Voilà ce qu’écrit Madeleine Delbrêl en 1932, tout juste un an avant son arrivée à Ivry avec ses deux compagnes, arrivée qui signera le début de leur aventure missionnaire en plein monde. Telle la tunique du Christ, sans couture, tissée d’une seule pièce symbole de l’unité de l’Eglise, mais aussi de la nature divine unie à l’humanité de Jésus, le fil dans la robe est pour Madeleine une image qui représente la Charité qui tient l’Eglise unie. Un fil, ça ne se voit pas, mais c’est essentiel pour que l’ensemble tienne. Ainsi, Madeleine a voulu la Charité du 11 rue Raspail comme un fil, un lieu où se fait l’unité pour y vivre l’intériorité, la prière, la solitude, mais aussi les sacrements dont l’eucharistie, sacrement d’unité par excellence... Et ceci pour réaliser en elle, en chacune des Charités, comme elles s’appelaient au début, la jonction, l’unité des deux commandements du Seigneur : l’amour de Dieu et l’amour des hommes. C’est le fil directeur de la vie de Madeleine, de la vocation de la Charité, la charnière de leur vie : être une « jonction entre les familles proprement religieuses et ces autres mouvements mêlés à la pâte[3] », et réaliser ainsi l’union de ces deux commandements.
« La robe neuve de la charité »
Cette jonction et cette unité, Madeleine a désiré les vivre aussi dans l’exercice de sa profession d’assistante sociale, un métier nouveau à son époque et dont elle est une pionnière, un métier qui, écrit Bernard Pitaud, est pour elle un moyen de vivre une actualisation de sa vie dans la charité tout comme « la Charité donne au service social sa plénitude ».[4] Madeleine ne mettait pas à part la vie qu’elle menait au 11 rue Raspail lorsqu’elle prenait ses fonctions ; et ses écrits professionnels témoignent, en effet, de sa réflexion sur l’unité de vie entre profession et mission, réflexion au service de laquelle Madeleine consacre tout l’art de son écriture. C’est ainsi que cette formulation pragmatico-poétique issue d’un texte de 1934 nous a frappés et touchés au point de devenir le fil conducteur de notre journée : « Le service social est la robe neuve de la charité. La charité est l’âme du vrai service social.[5] »

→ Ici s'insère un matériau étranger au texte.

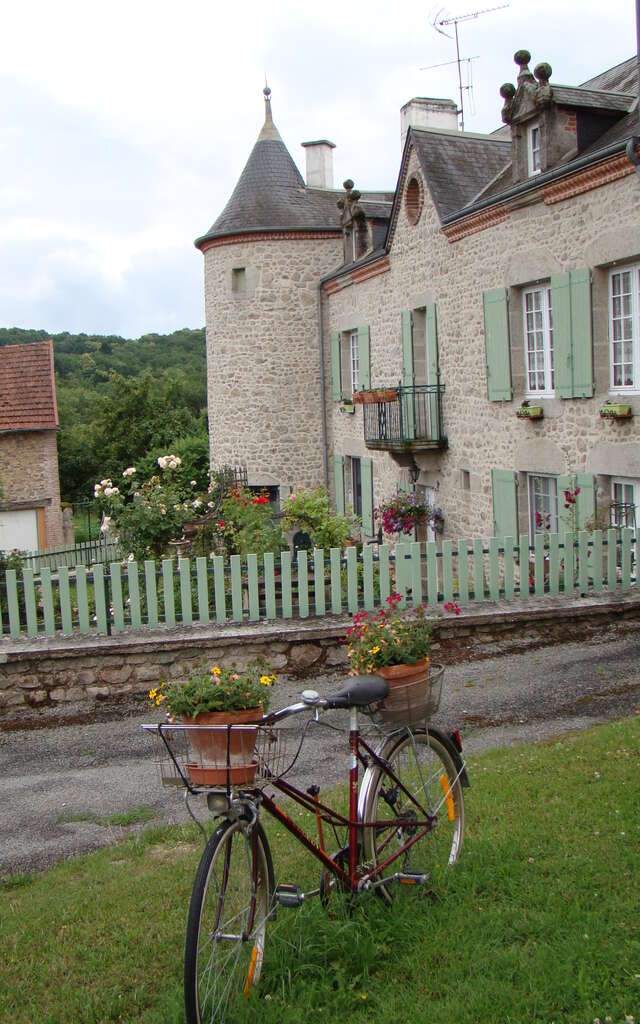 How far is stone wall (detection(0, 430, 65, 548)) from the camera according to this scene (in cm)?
2489

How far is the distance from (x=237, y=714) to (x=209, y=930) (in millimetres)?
692

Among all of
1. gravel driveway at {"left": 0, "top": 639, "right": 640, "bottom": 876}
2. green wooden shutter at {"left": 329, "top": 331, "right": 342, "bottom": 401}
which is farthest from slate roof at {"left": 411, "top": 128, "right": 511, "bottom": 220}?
gravel driveway at {"left": 0, "top": 639, "right": 640, "bottom": 876}

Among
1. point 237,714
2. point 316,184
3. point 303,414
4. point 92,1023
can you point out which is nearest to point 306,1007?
point 92,1023

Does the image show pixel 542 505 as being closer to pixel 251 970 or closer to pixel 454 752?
pixel 454 752

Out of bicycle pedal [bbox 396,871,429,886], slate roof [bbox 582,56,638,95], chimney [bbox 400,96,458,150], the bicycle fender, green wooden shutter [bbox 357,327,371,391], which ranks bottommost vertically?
bicycle pedal [bbox 396,871,429,886]

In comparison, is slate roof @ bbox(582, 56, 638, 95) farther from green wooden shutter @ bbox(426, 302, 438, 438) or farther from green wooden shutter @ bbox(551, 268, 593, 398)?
A: green wooden shutter @ bbox(426, 302, 438, 438)

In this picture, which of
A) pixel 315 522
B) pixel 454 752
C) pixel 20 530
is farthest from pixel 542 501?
pixel 20 530

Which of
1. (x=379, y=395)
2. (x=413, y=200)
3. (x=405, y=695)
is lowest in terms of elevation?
(x=405, y=695)

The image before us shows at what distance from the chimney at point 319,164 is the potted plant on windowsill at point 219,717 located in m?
22.4

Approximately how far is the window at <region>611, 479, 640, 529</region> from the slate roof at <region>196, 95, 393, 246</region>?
10.7 metres

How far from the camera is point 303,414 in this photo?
21.0 m

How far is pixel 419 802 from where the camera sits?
394 centimetres

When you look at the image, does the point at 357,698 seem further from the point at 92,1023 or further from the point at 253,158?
the point at 253,158

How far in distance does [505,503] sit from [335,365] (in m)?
7.97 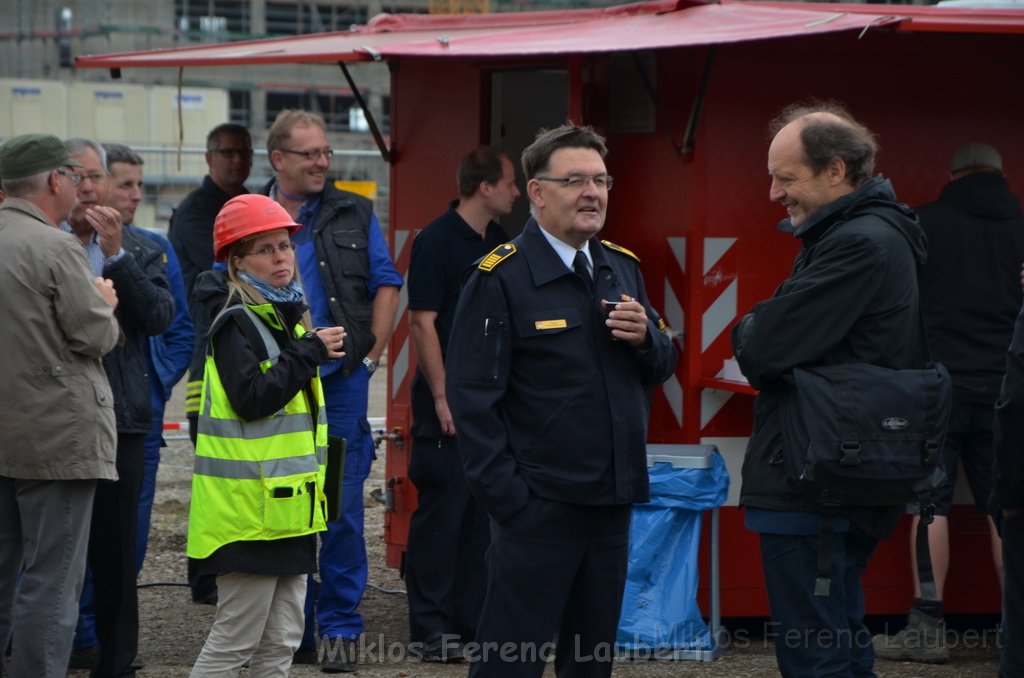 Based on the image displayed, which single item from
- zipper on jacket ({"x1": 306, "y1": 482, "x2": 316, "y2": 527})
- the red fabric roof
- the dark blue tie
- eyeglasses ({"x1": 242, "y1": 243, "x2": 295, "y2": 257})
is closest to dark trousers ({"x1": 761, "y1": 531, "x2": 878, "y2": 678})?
the dark blue tie

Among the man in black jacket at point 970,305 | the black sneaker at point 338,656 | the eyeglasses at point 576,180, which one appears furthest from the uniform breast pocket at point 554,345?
the man in black jacket at point 970,305

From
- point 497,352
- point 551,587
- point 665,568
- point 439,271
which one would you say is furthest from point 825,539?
point 439,271

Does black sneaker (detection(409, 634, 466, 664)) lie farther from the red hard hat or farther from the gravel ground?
the red hard hat

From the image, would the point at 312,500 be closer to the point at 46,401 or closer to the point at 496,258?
the point at 46,401

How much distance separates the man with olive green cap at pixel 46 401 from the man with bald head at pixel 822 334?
1974mm

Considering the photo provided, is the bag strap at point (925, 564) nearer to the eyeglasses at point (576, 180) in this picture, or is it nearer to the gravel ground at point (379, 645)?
the eyeglasses at point (576, 180)

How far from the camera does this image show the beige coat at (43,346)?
461cm

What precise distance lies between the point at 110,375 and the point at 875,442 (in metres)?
2.75

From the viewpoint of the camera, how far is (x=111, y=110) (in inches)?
1017

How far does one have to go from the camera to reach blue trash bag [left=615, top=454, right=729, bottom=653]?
19.5ft

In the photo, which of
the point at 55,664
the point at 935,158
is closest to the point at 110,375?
the point at 55,664

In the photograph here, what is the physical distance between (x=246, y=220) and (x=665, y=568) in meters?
2.29

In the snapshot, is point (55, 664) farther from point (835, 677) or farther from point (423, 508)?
point (835, 677)

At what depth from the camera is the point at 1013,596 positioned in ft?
13.8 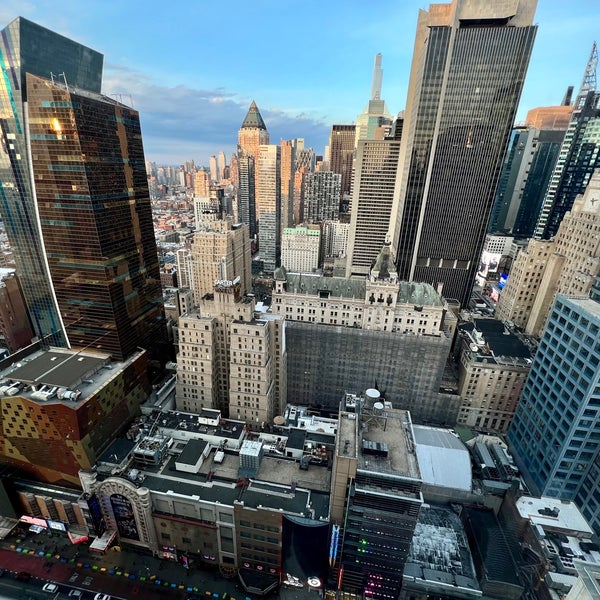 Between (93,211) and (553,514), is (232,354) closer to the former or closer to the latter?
(93,211)

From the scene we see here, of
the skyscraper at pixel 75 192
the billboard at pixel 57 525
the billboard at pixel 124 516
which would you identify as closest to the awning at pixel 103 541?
the billboard at pixel 124 516

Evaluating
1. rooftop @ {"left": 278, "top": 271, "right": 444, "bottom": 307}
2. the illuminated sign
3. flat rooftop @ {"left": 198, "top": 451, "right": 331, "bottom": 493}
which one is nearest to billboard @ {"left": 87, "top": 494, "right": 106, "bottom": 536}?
flat rooftop @ {"left": 198, "top": 451, "right": 331, "bottom": 493}

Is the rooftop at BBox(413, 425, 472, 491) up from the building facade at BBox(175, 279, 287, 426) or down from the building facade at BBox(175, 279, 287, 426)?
down

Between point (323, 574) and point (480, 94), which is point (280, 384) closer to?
point (323, 574)

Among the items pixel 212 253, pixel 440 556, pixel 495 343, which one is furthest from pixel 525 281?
pixel 212 253

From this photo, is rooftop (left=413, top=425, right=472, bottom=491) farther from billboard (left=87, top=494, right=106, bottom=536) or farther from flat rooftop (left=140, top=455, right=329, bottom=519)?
billboard (left=87, top=494, right=106, bottom=536)

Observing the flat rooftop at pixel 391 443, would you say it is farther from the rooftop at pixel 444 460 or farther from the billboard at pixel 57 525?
the billboard at pixel 57 525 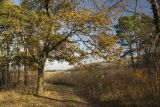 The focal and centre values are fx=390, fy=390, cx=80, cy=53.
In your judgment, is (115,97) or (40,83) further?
(40,83)

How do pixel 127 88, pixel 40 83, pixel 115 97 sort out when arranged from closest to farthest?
pixel 127 88 < pixel 115 97 < pixel 40 83

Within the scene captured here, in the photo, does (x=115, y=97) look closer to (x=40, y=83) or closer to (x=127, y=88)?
(x=127, y=88)

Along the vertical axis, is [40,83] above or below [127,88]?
above

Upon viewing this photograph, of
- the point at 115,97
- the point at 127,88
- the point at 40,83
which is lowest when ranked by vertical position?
the point at 115,97

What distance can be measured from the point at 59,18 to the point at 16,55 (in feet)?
12.2

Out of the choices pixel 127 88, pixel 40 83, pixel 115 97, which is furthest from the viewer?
pixel 40 83

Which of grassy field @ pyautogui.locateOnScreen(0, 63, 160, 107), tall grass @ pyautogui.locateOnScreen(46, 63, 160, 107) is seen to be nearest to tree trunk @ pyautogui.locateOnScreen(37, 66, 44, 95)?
grassy field @ pyautogui.locateOnScreen(0, 63, 160, 107)

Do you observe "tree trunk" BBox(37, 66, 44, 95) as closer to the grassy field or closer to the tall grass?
the grassy field

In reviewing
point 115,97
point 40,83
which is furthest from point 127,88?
point 40,83

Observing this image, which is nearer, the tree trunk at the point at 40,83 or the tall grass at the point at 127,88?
the tall grass at the point at 127,88

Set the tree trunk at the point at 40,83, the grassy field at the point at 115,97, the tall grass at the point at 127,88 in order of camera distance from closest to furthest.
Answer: the tall grass at the point at 127,88 → the grassy field at the point at 115,97 → the tree trunk at the point at 40,83

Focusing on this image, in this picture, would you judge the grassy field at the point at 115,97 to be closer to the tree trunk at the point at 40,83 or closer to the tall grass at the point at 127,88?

Madeleine n’a pas voulu évoluer dans un esprit de divorce entre compétences techniques et esprit de charité. Tout en voulant se départir de la réputation de « dames de bonnes oeuvres » liée aux origines historiques de son métier, armée de son langage, elle s’est tout autant employée à dénoncer « la scandaleuse dilapidation de valeur humaine que constitue l’incohérence des Service Sociaux [6] », alors en pleine tourmente au moment de la deuxième guerre. Ainsi, elle n’aura de cesse dans ses écrits professionnels de faire dialoguer la nécessité des compétences et qualifications et la teneur du coeur dévoué et bienfaisant de l’assistante sociale, mûe par un désir de « croissance dans la vie de charité [7]» et par une vision spirituelle sur les besoins humains temporels, cela pour le déploiement d’un service social intégral.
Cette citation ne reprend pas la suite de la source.